** Your objective **
Below is a listing; print exactly its lines from the one containing "Firefighters work at" down to the one containing "margot robbie poses", both inclusive, with every picture left out.

** Exercise data **
+-------+

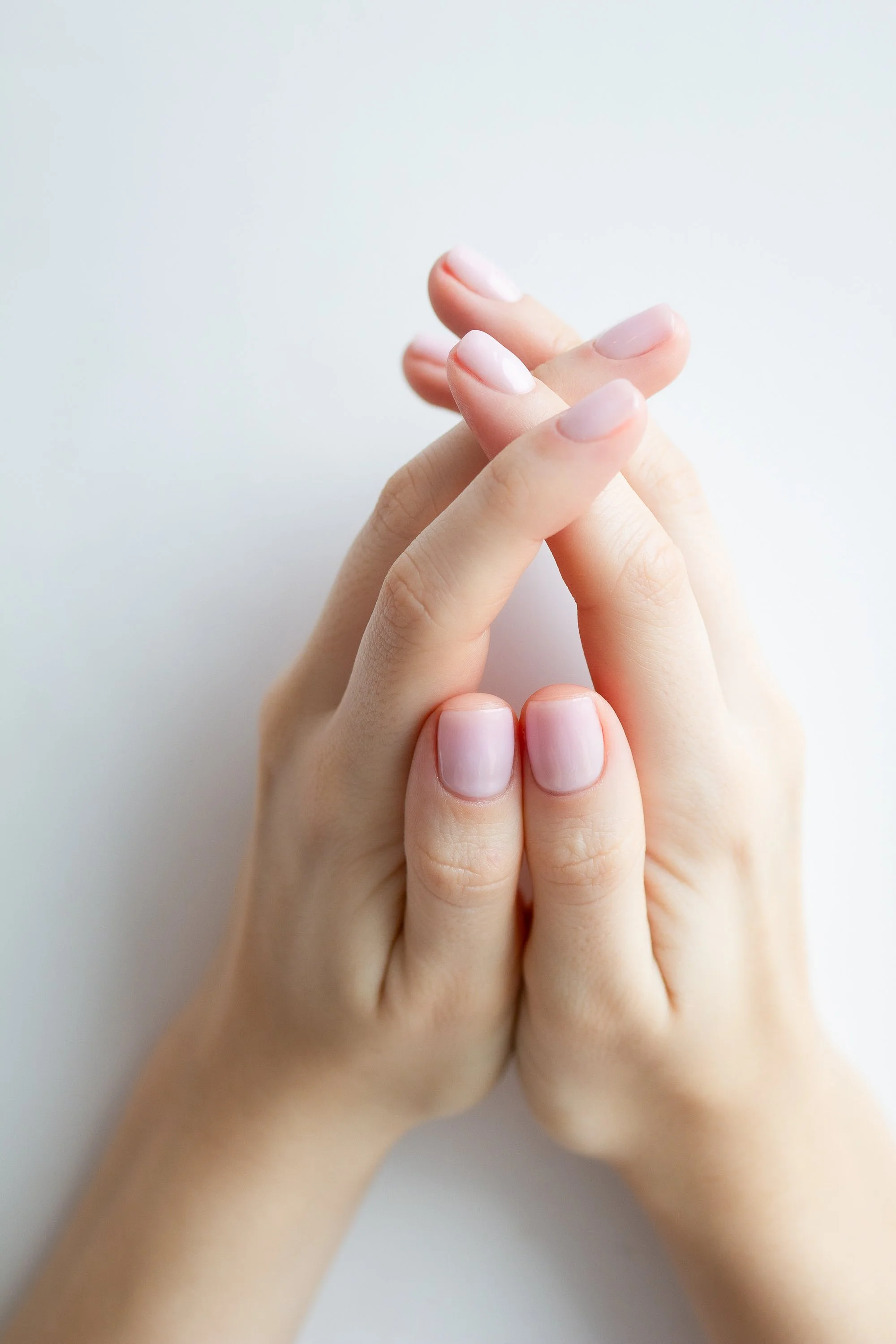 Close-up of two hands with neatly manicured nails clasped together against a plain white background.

+-------+

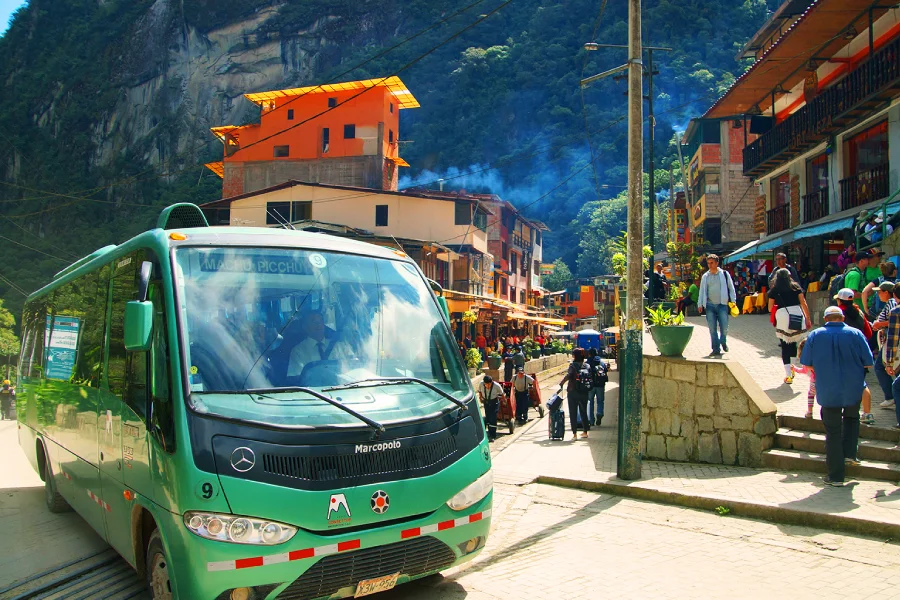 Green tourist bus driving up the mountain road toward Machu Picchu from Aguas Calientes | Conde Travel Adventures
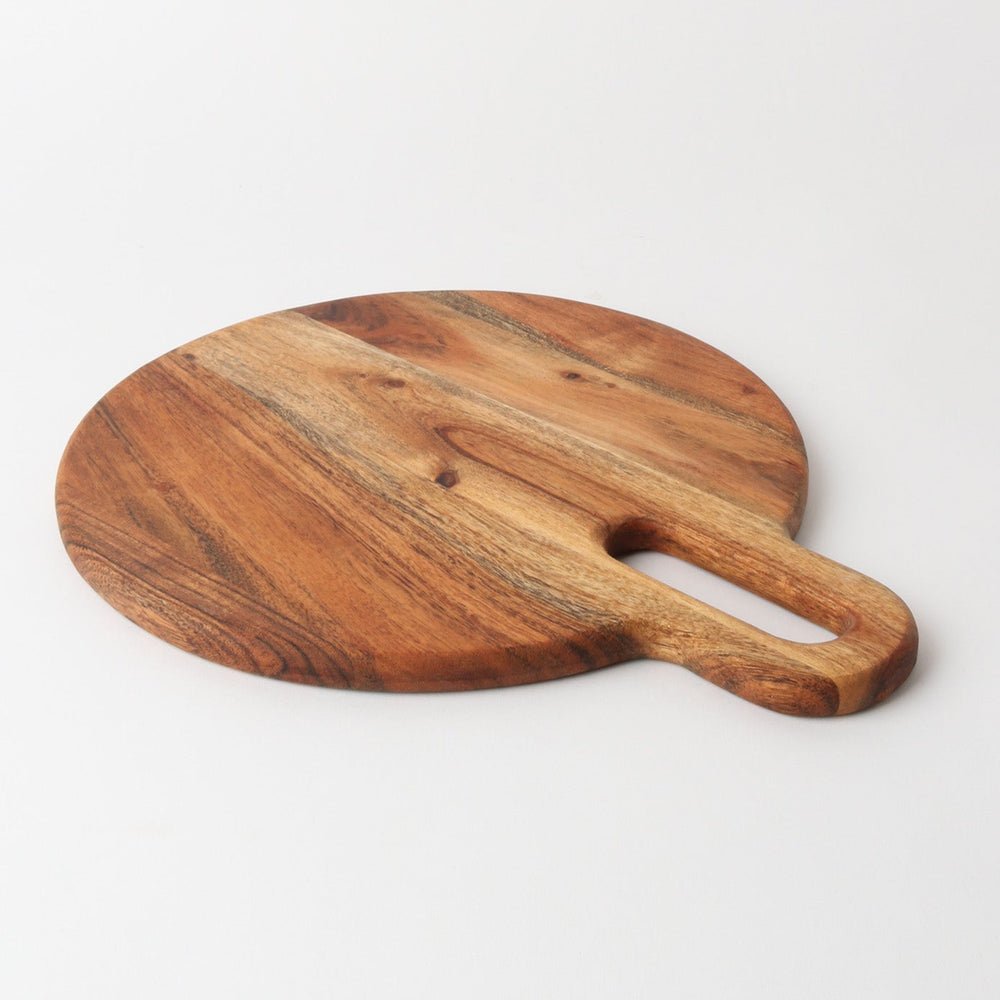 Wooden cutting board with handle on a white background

+-------+

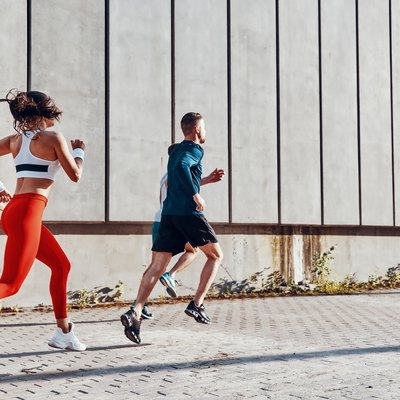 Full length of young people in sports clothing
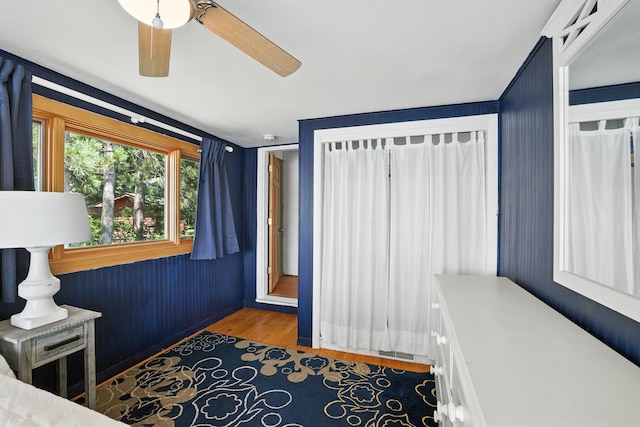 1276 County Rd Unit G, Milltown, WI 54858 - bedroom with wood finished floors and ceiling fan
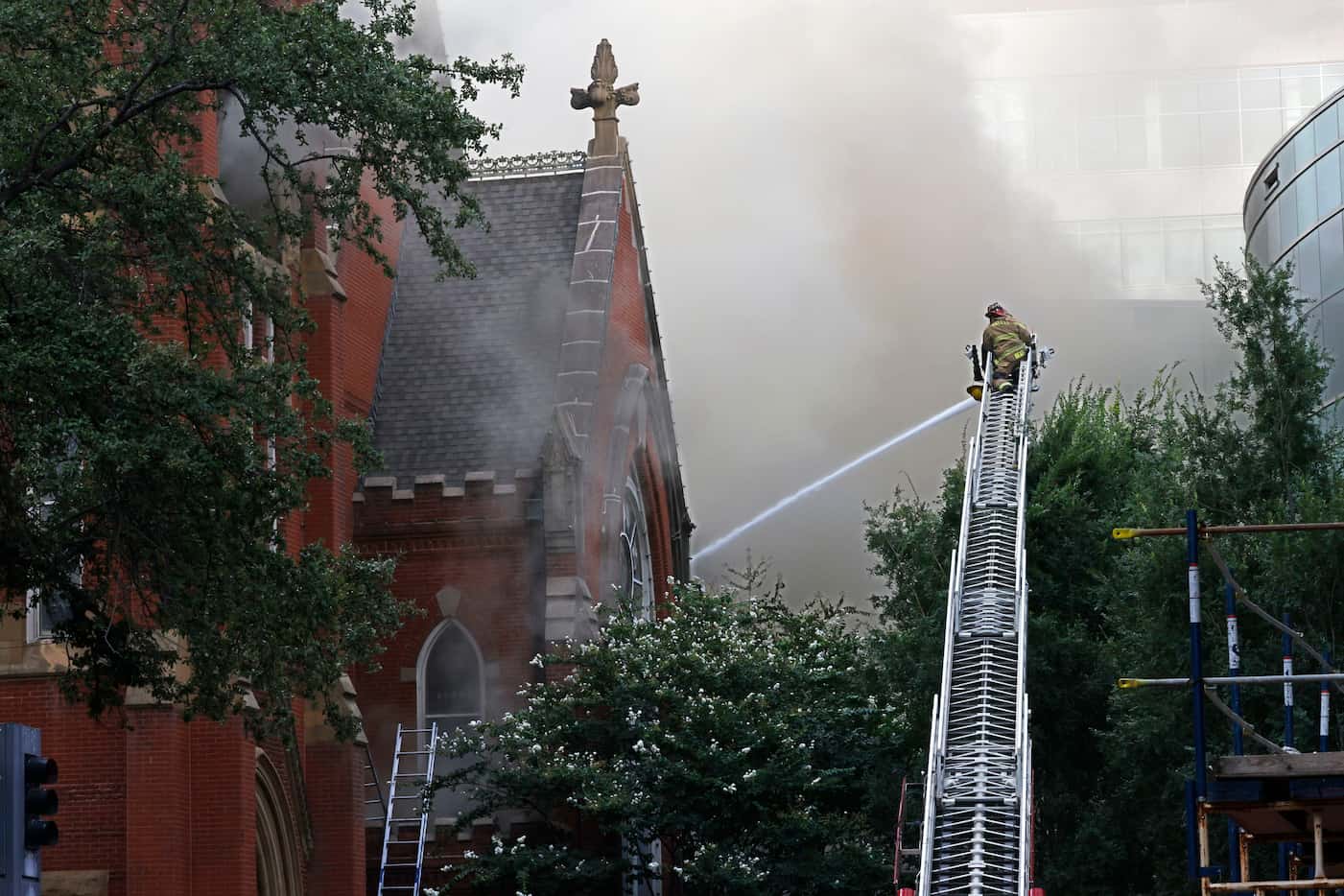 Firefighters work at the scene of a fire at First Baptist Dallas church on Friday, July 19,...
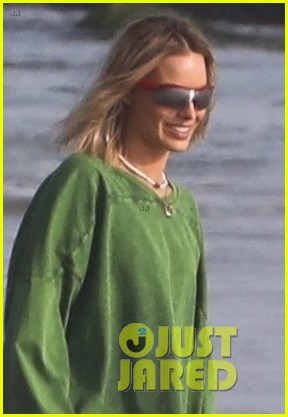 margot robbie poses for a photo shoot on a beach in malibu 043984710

+-------+

** Task response **
 Firefighters work at the scene of a fire at First Baptist Dallas church on Friday, July 19,...
 margot robbie poses for a photo shoot on a beach in malibu 043984710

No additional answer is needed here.